Electronic Health Records

Adoption & Implementation News

CMS proposes changes to hospital inpatient payment programs

By Kyle Murphy, PhD

Updates will be coming to the Medicare hospital inpatient prospective payment systems (IPPS) as a result of a rule proposed by the Centers for Medicare & Medicaid Services (CMS). To be published two weeks from now in the Federal Register, the proposed rule would impact payment policies and rates for acute hospitals and long-term care hospitals (LTCHs).

“The policies announced today will assist the highly committed professionals working around the clock to deliver the best possible care to Medicare beneficiaries,” CMS Administrator Marilyn Tavenner said in a public statement. “This proposed rule is geared toward improving hospital performance while creating an environment for improved Medicare beneficiary care and satisfaction.”

The proposed rule addresses Medicare payment policies and rates for IPPS and the LTCH payment system (PPS). For acute care hospitals, the rule proposes a 1.3-percent increase in fiscal year 2015. For LTCHs, CMS is proposing 0.8-percent increase.

The proposed rule also concludes changes to several patient safety and quality improvement programs and the incentives associated with them for inpatient and long-term care settings.

First, the propose rule would implement Affordable Care Act’s Hospital-Acquired Condition Reduction Program which will penalize hospitals with the poorest performance scores with one-percent reductions in Medicare inpatient payments beginning in FY 2015.

Second, the Hospital Readmissions Reduction Program provisions in the proposed rule would increase the maximum payment reductions from 2 to 3 percent. In FY 2015, CMS will use five readmission measures endorsed by the National Quality Forum (NQF) to assess hospital performance.

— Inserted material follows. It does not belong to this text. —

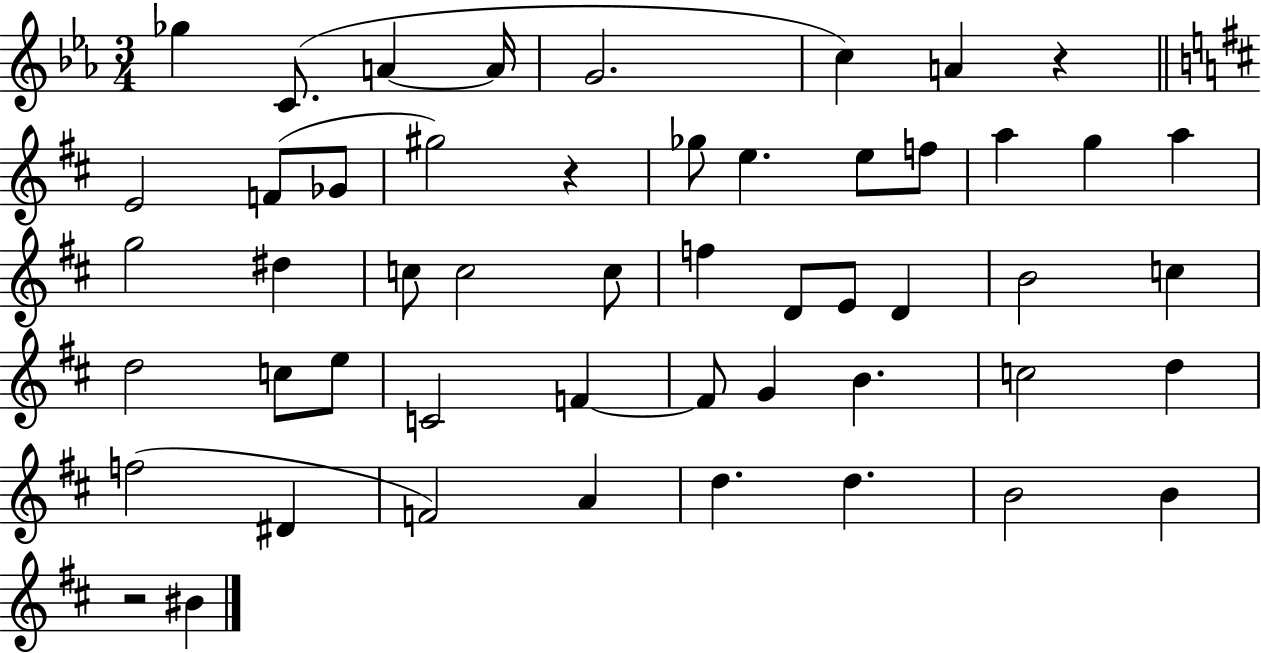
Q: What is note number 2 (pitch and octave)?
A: C4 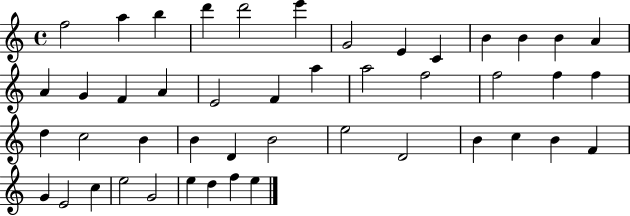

Third, quality reporting measures for inpatient hospitals, LTCHs, and PPS-exempt cancer hospitals are getting an update. For the inpatient hospitals, CMS is proposing to align reporting and submission schedules for the quality reporting program with the clinical quality measures in the EHR Incentive Program for Medicare.

Fourth, CMS is proposing an increase in the applicable percent reduction for the Hospital Value-Based Purchasing Program to 1.5 percent of the base operating DRG payment amounts to all participating hospitals.

Earlier this week, CMS announced the publishing of a final rule affecting federally qualified health centers (FQHCs). The final rule implements a prospective payment system (PPS) for a subset of Medicare services delivered by FQHCs. Beginning Oct. 1, 2014, payment for FQHC services covered under Medicare Part B will use a newly-established set of payment codes tailored for FHQC services.

Read the proposed rule here. The 60-day comment period for the propose rule begins when the rule is officially published in the Federal Register later this month.